◆ YOUR INSTRUCTIONS ◆
Every line from the one with "Novelty LED Pendant Lights Red Green Black" through the last line below should be repeated exactly; pictures stay out of the copy.

━━ RECORDED DATA ━━

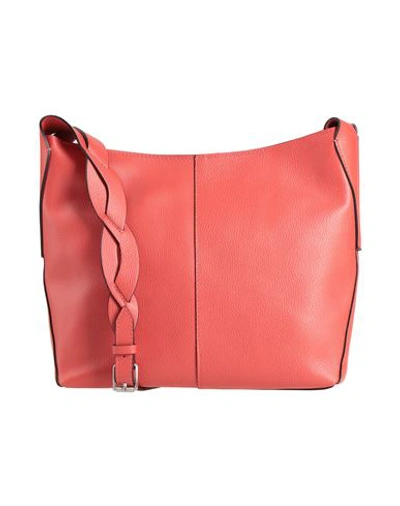 Shop Gianni Chiarini Woman Cross-body Bag Red Size - Leather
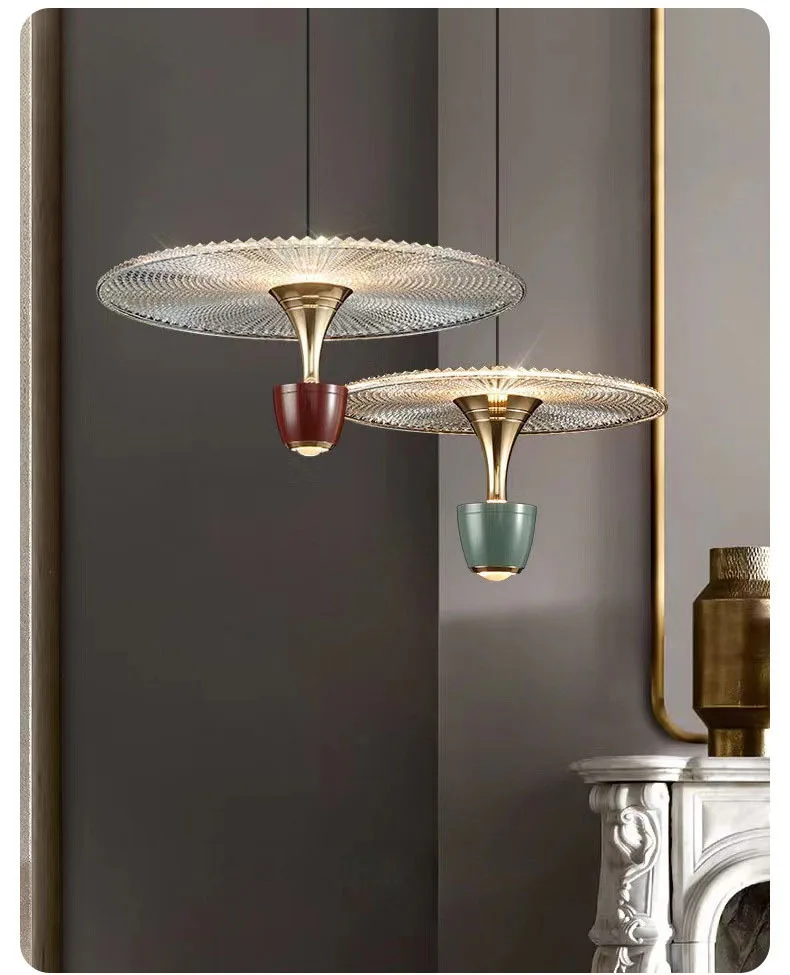 Novelty LED Pendant Lights Red Green Black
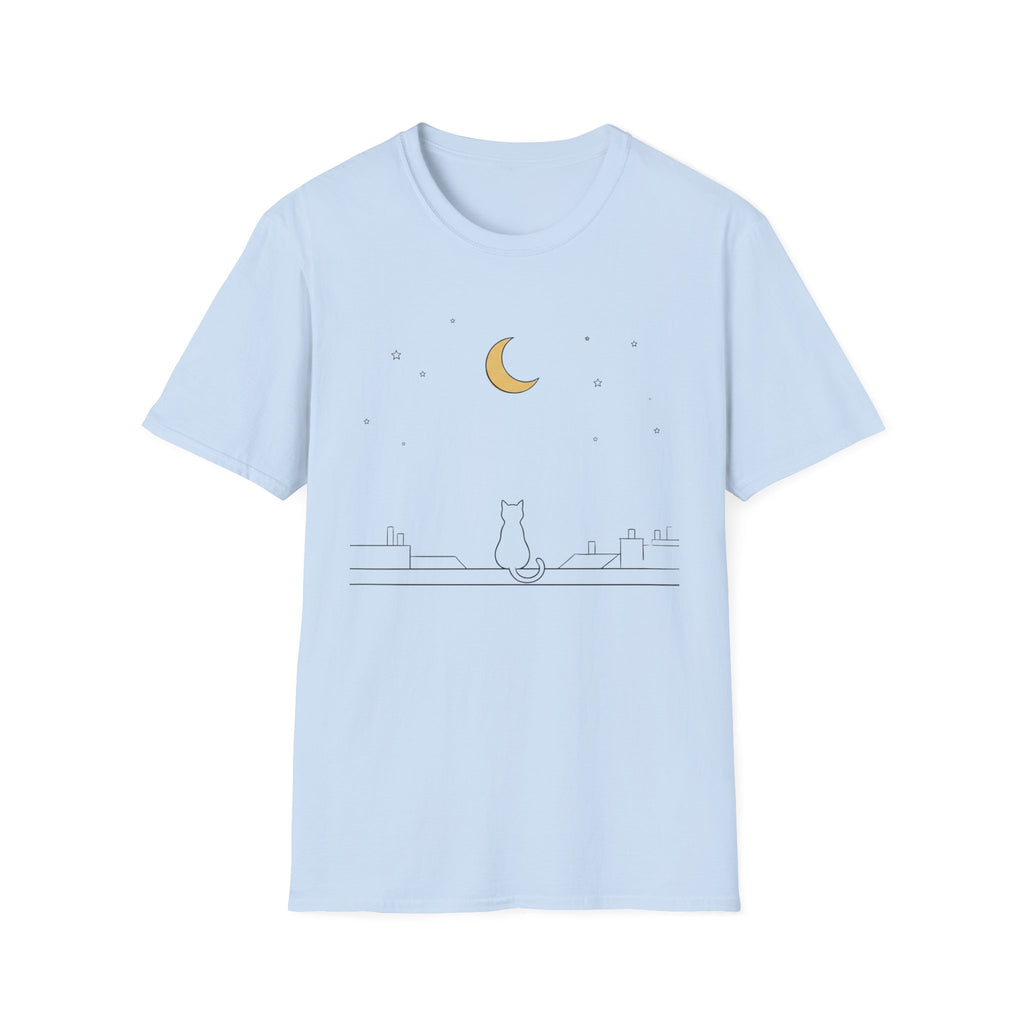 Moon Stars And Cat T-Shirt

━━━

◆ WRITTEN REPLY ◆
 Novelty LED Pendant Lights Red Green Black
 Moon Stars And Cat T-Shirt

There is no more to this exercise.